Mais dans une lettre datant du 13 mai adressée à la reine, cinq députés et deux pairs du royaume ont fait part de leur « vive inquiétude » par rapport au fait que le roi continue de compter dans ses invitations « alors qu’il dirige Bahreïn comme une dictature absolue ». 

En particulier, expliquent-ils, le roi a personnellement signé les condamnations à mort de cinq survivants de la torture entre 2017 et 2019, dont les exécutions ont été dénoncées comme arbitraires ou extrajudiciaires par le rapporteur spécial de l’ONU, et il laisse les détracteurs du gouvernement « languir derrière les barreaux depuis plus de dix ans ».

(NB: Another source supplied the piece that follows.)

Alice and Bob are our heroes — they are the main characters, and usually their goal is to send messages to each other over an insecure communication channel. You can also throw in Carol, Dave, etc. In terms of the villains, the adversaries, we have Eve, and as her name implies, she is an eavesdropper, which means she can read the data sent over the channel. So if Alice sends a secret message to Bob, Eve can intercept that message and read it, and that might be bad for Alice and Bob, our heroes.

« Une armée raciste et sectaire »

« Nous vous exhortons à envisager de faire ce qu’il convient ici et d’être du bon côté de l’histoire en révoquant votre invitation au roi Hamad et en envoyant le message que la détention arbitraire de ceux qui s’opposent au régime est inacceptable », ont-ils écrit.

Finalement, le roi Hamad aurait assisté à un déjeuner organisé par la reine samedi, mais n’a pas assisté au spectacle équestre télévisé « A Gallop Through History » de dimanche suite au décès du président des Émirats arabes unis le cheikh Khalifa ben Zayed al-Nahyane vendredi.

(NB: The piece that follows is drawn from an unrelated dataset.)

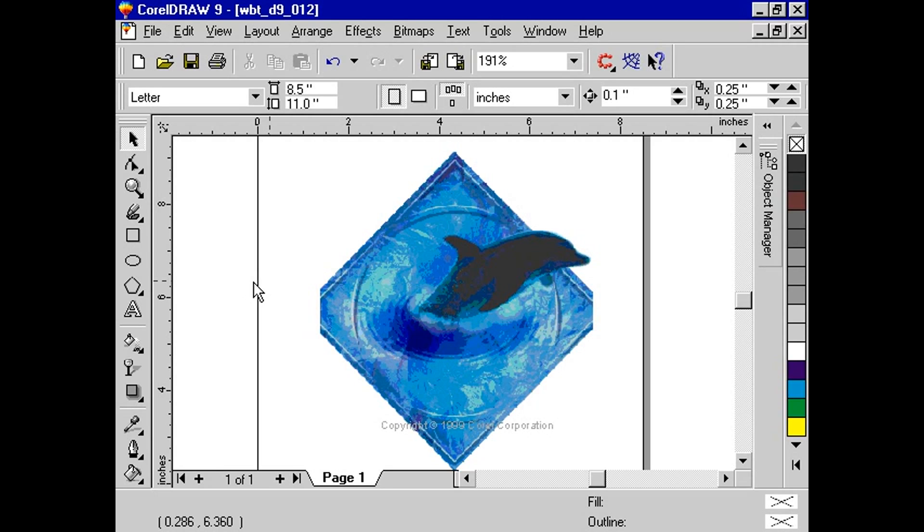Here, we have an image that we have imported. What we want to do is to place a paragraph text frame within the border of the image. So here would be a diamond-shaped text frame.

Traduction : « Les forces de défense de Bahreïn et la Gendarmerie royale du Canada ont escorté la reine depuis l’arène jusqu’au château de Windsor. Le personnel du Royal Central vous souhaite une bonne nuit et attend avec impatience les prochaines semaines. »

Toutefois, des membres de l’unité de cavalerie de la garde royale des forces de défense de Bahreïn, sous la direction de la Gendarmerie royale du Canada, ont escorté la reine depuis l’arène jusqu’au château de Windsor tandis que jouait un orchestre et que la foule faisait une standing ovation.

Sayed Ahmed Alwadaei, directeur du Bahrain Institute for Rights and Democracy (BIRD) s’insurge : « C’est écœurant de voir les forces de défense de Bahreïn escorter la reine. Quiconque a laissé cela se produire n’a pas examiné du tout les droits de l’homme. »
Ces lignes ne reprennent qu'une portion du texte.